> [Prompt]
Your answer should consist only of the lines below from the one with "Anillo ORO 18" through the one with "星期六美拉德马丁靴女2025冬季新款厚底搭扣加绒短靴复古保暖棉靴", copied exactly.

> [Information given]
========================================

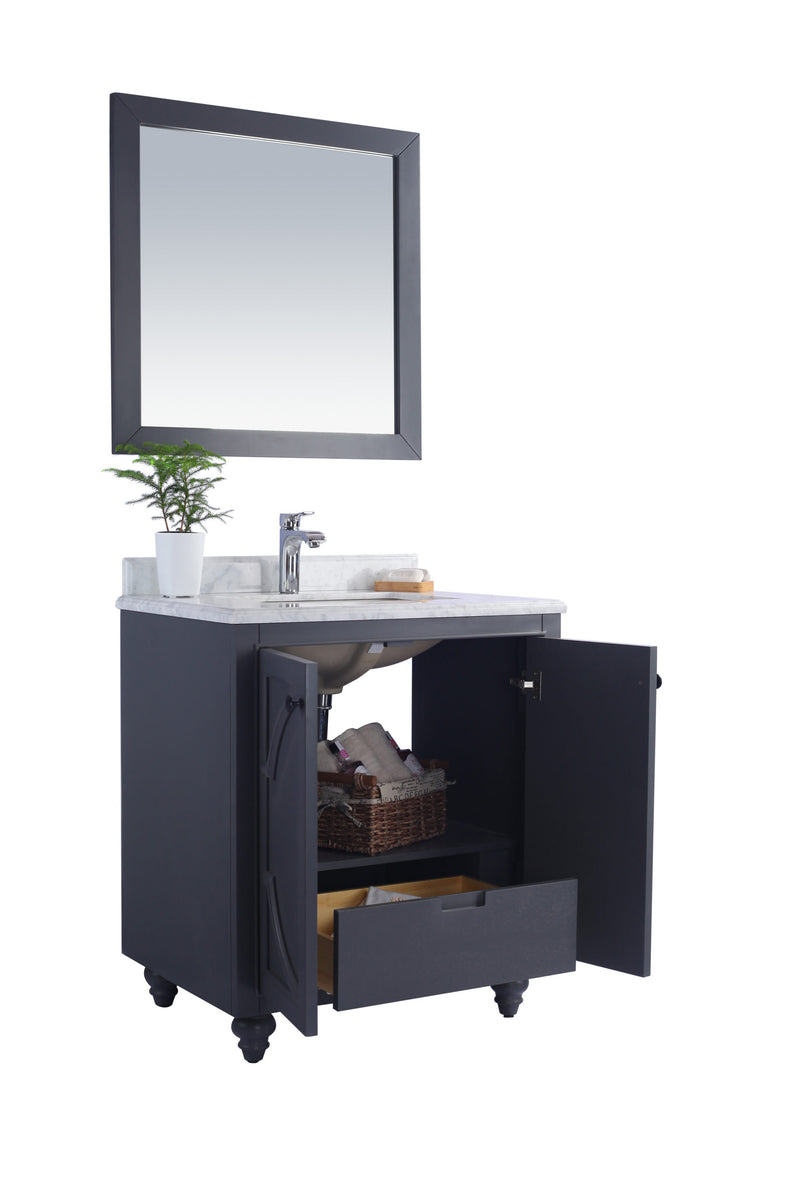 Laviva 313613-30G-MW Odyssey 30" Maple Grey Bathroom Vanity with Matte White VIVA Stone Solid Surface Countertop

========================================

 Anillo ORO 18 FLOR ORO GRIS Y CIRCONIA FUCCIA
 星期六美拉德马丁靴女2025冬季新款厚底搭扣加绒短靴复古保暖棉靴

========================================

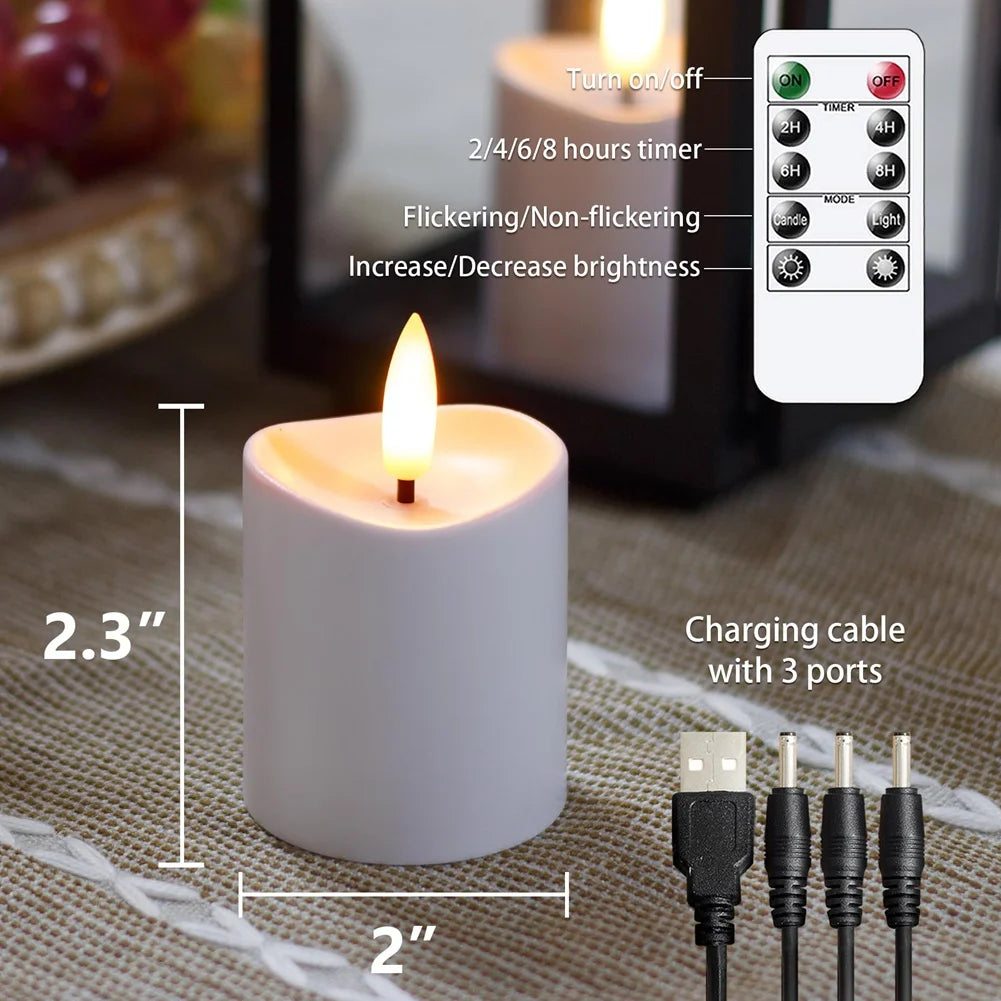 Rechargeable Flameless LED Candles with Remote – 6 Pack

========================================

> [Output of the exercise]
 Anillo ORO 18 FLOR ORO GRIS Y CIRCONIA FUCCIA
 星期六美拉德马丁靴女2025冬季新款厚底搭扣加绒短靴复古保暖棉靴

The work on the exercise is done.